[Data listing Boundary: Start]

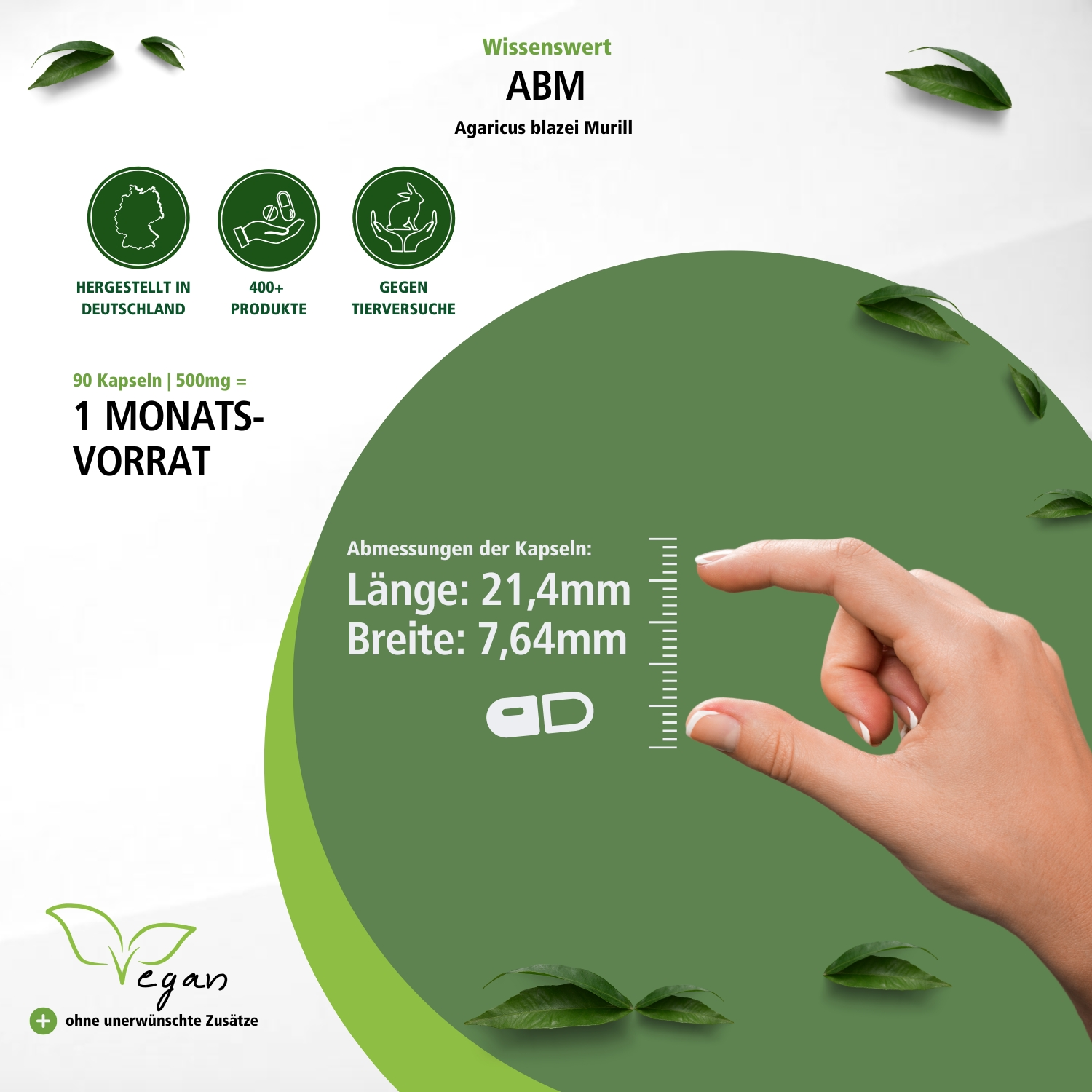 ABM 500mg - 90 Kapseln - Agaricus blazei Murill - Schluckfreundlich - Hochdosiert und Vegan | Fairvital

[Data listing Boundary: End]
[Data listing Boundary: Start]

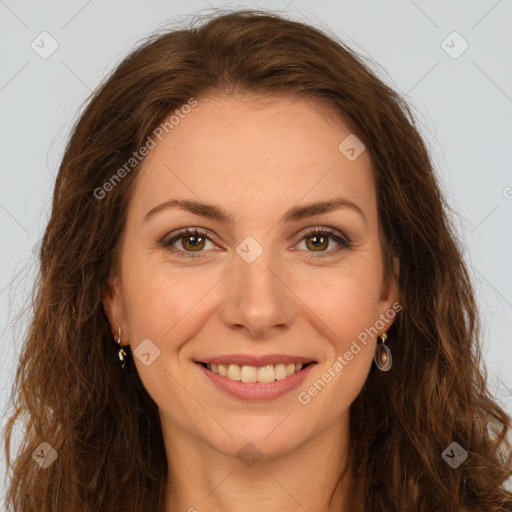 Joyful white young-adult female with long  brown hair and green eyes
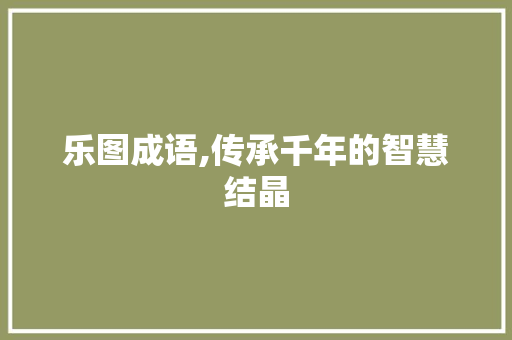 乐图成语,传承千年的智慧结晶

[Data listing Boundary: End]

What you need to do =>
Transcribe only the lines above that start at the line containing "Joyful white young-adult" and end at the line containing "乐图成语,传承千年的智慧结晶". Omit pictures.

Solution for this problem =>
 Joyful white young-adult female with long  brown hair and green eyes
 乐图成语,传承千年的智慧结晶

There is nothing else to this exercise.